An international team of researchers has discovered new evidence that a cosmic impact may have coincided with the extinction of mammoths and giant ground sloths.
The 18-member team, which includes NAU geologist Ted Bunch, and James Wittke, NAU geologic materials analyst, recently had its findings published in the Proceedings of the National Academy of Sciences. The study is available here.
The researchers found melt-glass material in a thin layer of sedimentary rock in Pennsylvania, South Carolina and Syria. According to the study, the material, which dates back nearly 13,000 years, was formed at temperatures of 1,700 to greater than 2,200 degrees Celsius and is the result of a cosmic body impacting Earth’s atmosphere.
These new data are the latest to support the hypothesis that proposes a cosmic impact occurred 12,900 years ago at the onset of an unusual cold climatic period called the Younger Dryas. This episode occurred at or close to the time of extinction of the North American megafauna, including mammoths and giant ground sloths, and the disappearance of the prehistoric and widely distributed Clovis culture.
Morphological and geochemical evidence of the melt-glass confirms that the material is not volcanic or of human-made origin, Bunch said.
“We’ve seen melt-glass in similar impact events such as Meteor Crater in Arizona,” he said. “The temperatures required to produce such melt-glass materials may be equal to an atomic bomb aerial burst.”
The material evidence supporting the Younger Dryas boundary cosmic impact hypothesis spans three continents, and covers nearly one-third of the planet, from California to western Europe, and into the Middle East. The discovery extends the range of evidence into Syria, the easternmost site yet identified in the northern hemisphere. Other researchers have found similar deposits in South America and Mexico.
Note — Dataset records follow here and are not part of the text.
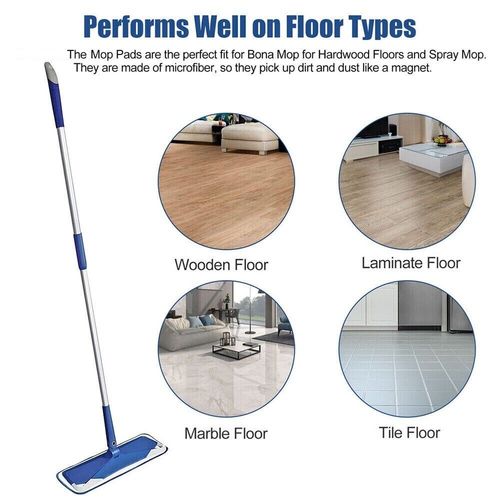 6 Pack Microfiber Mop Pads Replacement Fits Bona Floor Care System Washable Wet — image 9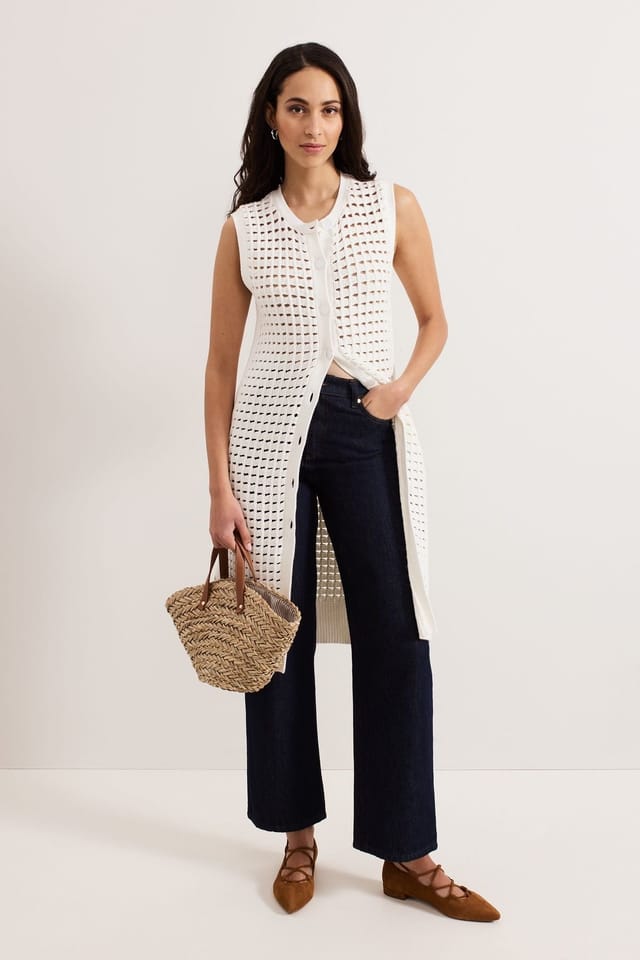 Phase Eight Phase Eight Women's Polly Crochet Longline Cardigan in Off-White - 3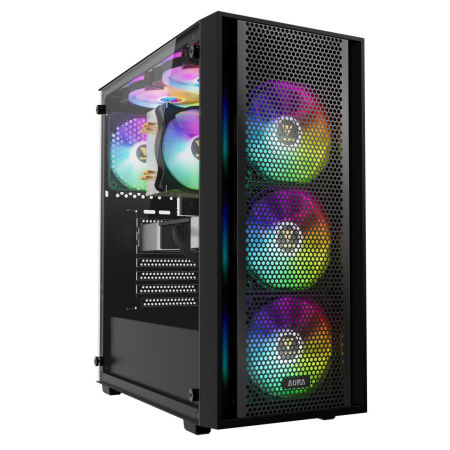 Gamdias Aura GC2 Elite ARGB Tempered Glass Black - 16333-12664-40000-G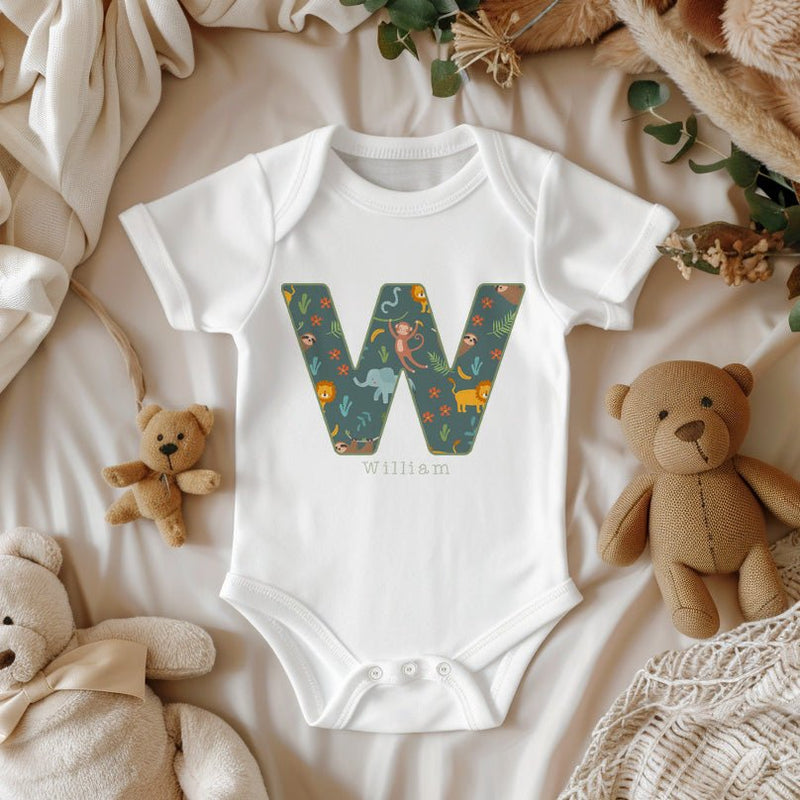 Personalised Name Jungle Animals Pattern Baby Bodysuit - Little Lili Store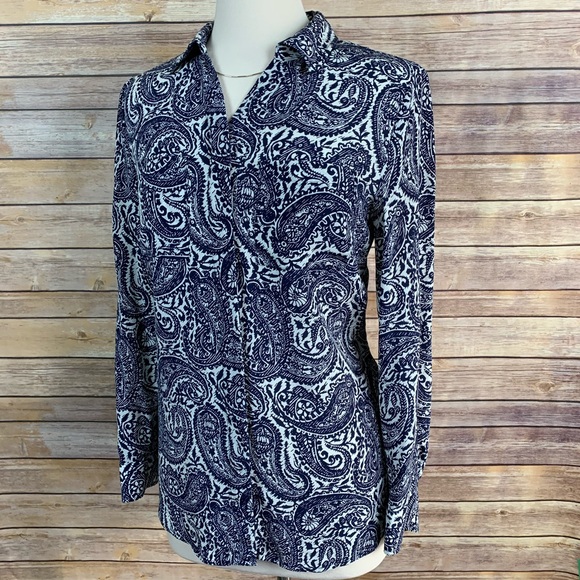 Talbots Tops - Talbots Sz Sm Blue Paisley Washable Silk Blouse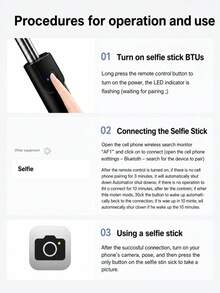 Trípode selfie extensible todo en uno con control remoto Bluetooth, rotación de 360° + cambio de pantalla horizontal/vertical, plegable y ligero, adecuado para viajes, transmisión en vivo, fotos grupales, opcional con luz de relleno o sin luz de relleno - Unitalla - Ver 10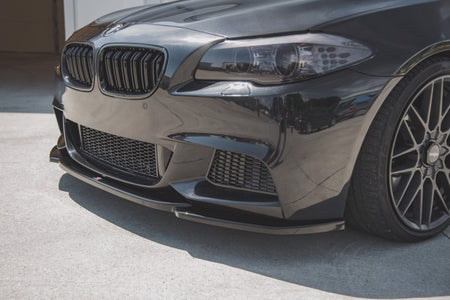 Maxton Front Splitter V.4 For BMW 5 F10/F11 M-Pack - Gloss Black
The researchers have yet to identify a limit to the debris field of the impact.
Bunch said the three sites in North America and the Middle East, separated by 1,000 to 10,000 kilometers, likely represent three or more major impact epicenters related to the Younger Dryas event and could be attributed to multiple objects or fragments of an asteroid or comet.
The National Science Foundation’s Division of Earth Sciences funded part of the research.